Nizhny Novgorod (not to be mistaken with Veliky Novgorod!) is the capital of the Volga region. Founded in 1221, the city made it into history books multiple times as a prominent trade center and a hub of liberty: in the 15th century, local citizens led by Kuzma Minin and Dmitry Pozharsky organized an army to set Moscow free from the Poles. In Soviet times the city was renamed Gorky, in honor of the writer Maxim Gorky who was born here, and later became a “closed city” due to its number of strategic defense facilities. It was only in 1990 that it got the original name back and became open to visitors once again.
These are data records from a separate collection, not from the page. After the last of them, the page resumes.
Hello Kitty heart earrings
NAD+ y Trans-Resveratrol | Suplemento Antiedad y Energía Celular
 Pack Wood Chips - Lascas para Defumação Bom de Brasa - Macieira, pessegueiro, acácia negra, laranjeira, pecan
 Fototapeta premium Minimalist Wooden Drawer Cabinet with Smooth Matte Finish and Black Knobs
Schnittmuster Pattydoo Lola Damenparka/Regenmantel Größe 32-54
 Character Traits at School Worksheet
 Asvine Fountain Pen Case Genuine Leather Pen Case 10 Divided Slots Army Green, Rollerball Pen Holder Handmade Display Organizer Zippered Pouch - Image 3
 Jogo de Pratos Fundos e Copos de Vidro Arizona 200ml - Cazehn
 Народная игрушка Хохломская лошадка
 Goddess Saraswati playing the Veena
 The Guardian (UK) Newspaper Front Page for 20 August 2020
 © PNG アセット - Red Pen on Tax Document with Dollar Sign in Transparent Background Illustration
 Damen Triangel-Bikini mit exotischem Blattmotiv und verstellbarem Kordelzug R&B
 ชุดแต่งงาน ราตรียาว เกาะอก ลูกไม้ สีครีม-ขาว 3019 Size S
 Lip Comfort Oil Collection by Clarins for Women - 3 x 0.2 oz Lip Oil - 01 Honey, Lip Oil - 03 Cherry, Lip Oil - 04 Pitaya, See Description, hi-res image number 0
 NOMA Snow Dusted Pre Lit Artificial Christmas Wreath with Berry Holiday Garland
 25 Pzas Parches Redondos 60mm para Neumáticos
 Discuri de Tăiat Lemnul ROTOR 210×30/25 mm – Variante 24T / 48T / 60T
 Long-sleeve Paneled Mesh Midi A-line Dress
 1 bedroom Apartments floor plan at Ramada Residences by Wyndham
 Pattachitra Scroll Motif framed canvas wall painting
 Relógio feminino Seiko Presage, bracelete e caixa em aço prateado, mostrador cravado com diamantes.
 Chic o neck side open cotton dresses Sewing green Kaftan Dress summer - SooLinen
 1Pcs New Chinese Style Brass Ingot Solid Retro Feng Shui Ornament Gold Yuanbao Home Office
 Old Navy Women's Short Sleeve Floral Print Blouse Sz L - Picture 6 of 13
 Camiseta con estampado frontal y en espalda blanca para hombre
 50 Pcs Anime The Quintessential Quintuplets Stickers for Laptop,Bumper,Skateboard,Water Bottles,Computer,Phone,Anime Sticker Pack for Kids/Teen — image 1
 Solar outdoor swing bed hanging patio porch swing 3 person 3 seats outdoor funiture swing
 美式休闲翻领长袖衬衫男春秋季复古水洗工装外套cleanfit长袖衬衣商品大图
Today Nizhny Novgorod, also known shortly as Nizhny or NiNo, is a million-plus city that combines the spirit of merchant Russia and the rhythms of a prosperous metropolis.
How to get there
Located about 1,000 km away from St. Petersburg, Nizhny Novgorod is easily reached by a two-hour flight. But since I wanted to play it safe (and cheap, mostly) I ventured out to start the journey on the train from the Moskovsky railway station instead. I have to admit that 13 hours on the upper shelf near the lavatory of an open sleeping compartment didn’t sound exciting in any way, but it turned out I’d actually bought a ticket for a premium-class train equipped with automated doors, air conditioning, and even shower facilities. It certainly was a first in all my years of railway trips.
Exploring the city
If your routine isn’t 10,000 steps a day, discovering Nizhny may become an adventure with cracking knees. If you’re ready to give it a try, make sure you’ve got your most comfortable shoes on, since the city, especially the part on the right shore of Oka, is located on the highland, making you climb up and up for historical centerpieces. Starting from the very top, every tourist heads to the heart of the city, the majestic red-brick Kremlin of the 15th century. Its interior causes mixed feelings: the ancient walls now guard only edifices left by the Soviet era except for the 13th century Archangel Cathedral. Nevertheless, the fortress is very neat and lovely, with an observation deck that's perfect for catching sunsets. Watching the sun sink over the endless horizon shaped by rivers reminds you that climbing that high wasn’t for naught.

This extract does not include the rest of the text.